Halfway through David Tsonos’ tedious and rambling show, a former boyfriend, one of the many trotted out as a manifested recollection from the trio of bridesmaids, appears before us with his all-time football score achieved during his childhood. Does this live to satisfy? Unlikely. Does it advance the act? No. But it is indicative of the play in front of us, which also peaked in its infancy.
Patronising and sexist to both genders without taking any responsibility for its atrocious scripting.
The premise of I’m Always the Bridesmaid is simplistic: three jaded bridesmaids list their romantic tragedies whilst multi-role actor Corin Rys Jones performs as their former lovers. In itself, this could have worked, but what was delivered unfortunately plodded sluggishly on, incessantly listing the well-known problems of dating. The demeanour is morose, battling to keep an unmoved audience engaged with both inherently flawed dialogue, tepid acting and no overarching conceptual gratification. There were some brief spells where it looked to be improving, but it petered out, unwilling to relinquish its stubborn reliance on hackneyed convention.
Somewhere in this muddled, painful, mistimed medley of a play are performers aspiring to be recognised. Kirsten Z. Cairns, the actress who portrays Stephanie, is most deserving of immediate praise: she demands no special privileges yet provides a glossy presence unique from her fellow actors where she brings a little ray of hope amidst the turbulent storm around her. The same cannot be said for Maria Shehata (Chevon), whose unwillingness to drop the condescension does not see her take the role seriously, though this likely stems from the script’s inhibitions. The sole male of the cast, Jones, delivers the most versatile range in acting, but not to any eminence. Rather, he inhabits a jack-of-all-trades role that doesn’t see him graduate within the very narrow confines he is afforded.

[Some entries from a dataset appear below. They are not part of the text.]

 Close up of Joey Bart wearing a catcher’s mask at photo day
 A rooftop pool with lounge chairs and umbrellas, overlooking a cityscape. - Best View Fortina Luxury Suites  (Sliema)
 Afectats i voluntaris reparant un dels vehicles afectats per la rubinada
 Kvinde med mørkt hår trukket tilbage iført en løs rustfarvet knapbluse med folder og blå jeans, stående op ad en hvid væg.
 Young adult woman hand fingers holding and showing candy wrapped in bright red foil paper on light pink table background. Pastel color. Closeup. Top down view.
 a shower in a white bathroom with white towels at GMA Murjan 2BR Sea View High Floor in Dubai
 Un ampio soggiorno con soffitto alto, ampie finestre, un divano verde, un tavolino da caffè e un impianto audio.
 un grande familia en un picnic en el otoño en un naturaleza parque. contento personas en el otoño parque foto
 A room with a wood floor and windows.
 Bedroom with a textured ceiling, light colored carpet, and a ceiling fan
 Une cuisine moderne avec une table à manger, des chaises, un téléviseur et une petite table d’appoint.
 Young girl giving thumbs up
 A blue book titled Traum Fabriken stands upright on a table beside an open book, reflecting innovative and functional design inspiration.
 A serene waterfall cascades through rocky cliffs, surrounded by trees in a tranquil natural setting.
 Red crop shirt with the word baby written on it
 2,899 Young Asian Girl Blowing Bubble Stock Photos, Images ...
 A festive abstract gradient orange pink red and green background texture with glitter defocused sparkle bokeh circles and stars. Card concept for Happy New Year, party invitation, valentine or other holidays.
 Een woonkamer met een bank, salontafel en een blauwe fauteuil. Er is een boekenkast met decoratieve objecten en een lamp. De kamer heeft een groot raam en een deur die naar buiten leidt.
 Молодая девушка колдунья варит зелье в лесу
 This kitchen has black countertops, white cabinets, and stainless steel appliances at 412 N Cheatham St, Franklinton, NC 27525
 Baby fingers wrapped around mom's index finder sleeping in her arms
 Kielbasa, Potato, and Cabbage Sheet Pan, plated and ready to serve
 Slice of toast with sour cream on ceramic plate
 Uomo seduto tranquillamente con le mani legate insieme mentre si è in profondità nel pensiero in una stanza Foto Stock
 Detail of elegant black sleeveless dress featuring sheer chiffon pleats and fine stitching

Bereft of any innovating qualities, I’m Always the Bridesmaid is a cataclysmic failure. The writing lacks subtlety on any level. And the dialogue is littered with unnecessary sentiments that should have been left to evolve within the performance, with lines like “A team is only as strong as its weakest player” and “That’s so melodramatic!”, ironically foreshadowing the play’s major defects. More problematic is its attempt to aggressively explain away the reasons for relationship failure in a fragile pursuit of rectifying mankind’s inherent dating woes that have plagued the face of the Earth for years, and will likely persist for decades to come. In this respect, I’m Always the Bridesmaid is neither original nor revolutionary. Rather, it is patronising and sexist to both genders without taking any responsibility for its atrocious scripting.